Ossietzky - Zweiwochenschrift für Politik / Kultur / Wirtschaft
Nr. 17 vom 9. September 2017

Ohne Kohle im Bett mit Marx

von Elmar Altvater


Das erste Mal las ich "Das Kapital" von Marx zwischen Weihnachten und Neujahr 1961. Ich studierte in München, hatte mir in der Buchhandlung des Bund-Verlags im DGB-Haus in der Schwanthalerstraße den ersten Band gekauft - auf Empfehlung des kompetenten Buchhändlers. Denn an der Uni wurde man während des wirtschaftswissenschaftlichen Studiums, das ich zusammen mit der Soziologie in München absolvierte, nicht auf Marx aufmerksam gemacht. Erich Preiser, einer der Großen seiner Zunft, erwähnte ihn in seinen rappelvollen Vorlesungen, aber ansonsten war Marx unter den Ökonomen eher Persona non grata.

Bei den Philosophen gab es einige, die sich für Marx interessierten, aber zumeist für die "Frühschriften", denn die hatte auch die evangelische Kirche wegen des Menschenbildes, wegen der Marx'schen Theorie der Entfremdung, für sich entdeckt. "Das Kapital" fand in der ökonomischen Dogmengeschichte Erwähnung neben den Thünen'schen Ringen und den Gossen'schen Gesetzen. Klassenauseinandersetzungen gab es nicht, waren also auch kein Thema in volkswirtschaftlichen Seminaren. In der "nivellierten Mittelstandsgesellschaft" der Nachkriegszeit war der "Klassenkampf stillgestellt".

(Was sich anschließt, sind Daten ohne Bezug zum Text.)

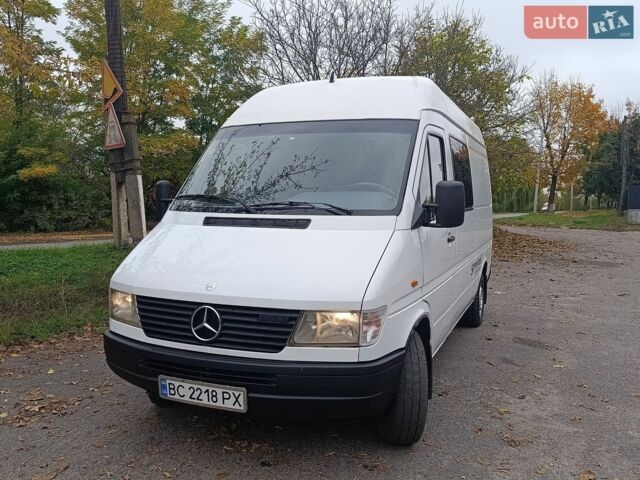 Белый Мерседес Sprinter, объемом двигателя 2.87 л и пробегом 400 тыс. км за 6150 $, фото 1 на Automoto.ua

Ich kaufte also "Das Kapital" und zog mich damit in meiner Studentenbude bei der Witwe Gerngroß, mit einem Notizblock für Exzerpte ausgestattet, ins Bett zurück. Denn ich hatte kein Geld, um über Weihnachten von München ins Ruhrgebiet zu Verwandten zu fahren, konnte das Zimmer auch nicht heizen, denn für die Kohlen - Zentralheizung gab es nicht - fehlte mir die Kohle. Am Ende der verfrorenen Weihnachtstage waren die Exzerpte zwar recht ausführlich, aber auch beredte Belege dafür, dass ich vom "Kapital" wenig verstanden hatte. Das fand ich später heraus, nachdem ich zum dritten oder vierten Mal das "Kapital" gelesen hatte.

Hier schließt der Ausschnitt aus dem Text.